*** DATA EXCERPT Section Begins ***
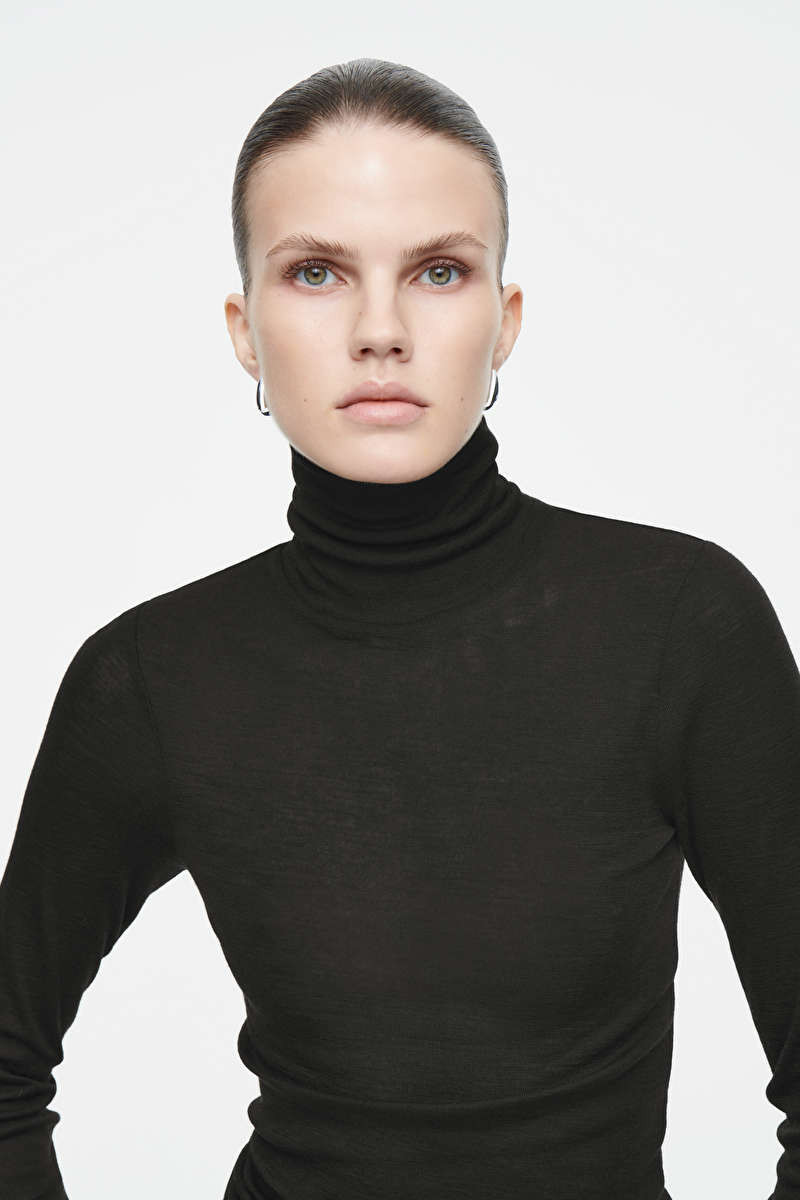 MERINO WOOL TURTLENECK TOP | COS (EU)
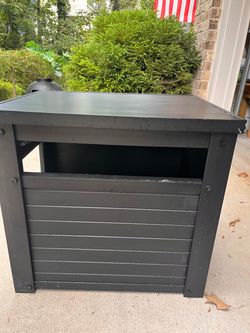 Cat box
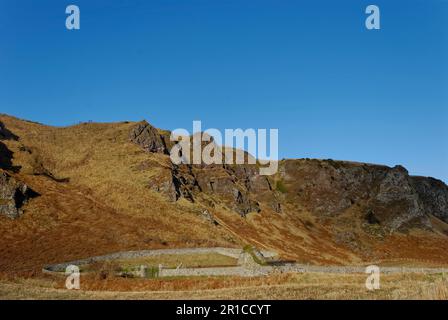 Le terrain Burial d'Ecclesgreig sous les spectaculaires falaises volcaniques de la réserve naturelle de St Cyrus sur la côte est de l'Écosse. Banque D'Images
*** DATA EXCERPT Section Ends ***
TASK GOAL -> Nothing but an exact copy of the data above, minus its pictures, should appear in the response.

SOLVED EXERCISE ->
 MERINO WOOL TURTLENECK TOP | COS (EU)
 Cat box
 Le terrain Burial d'Ecclesgreig sous les spectaculaires falaises volcaniques de la réserve naturelle de St Cyrus sur la côte est de l'Écosse. Banque D'Images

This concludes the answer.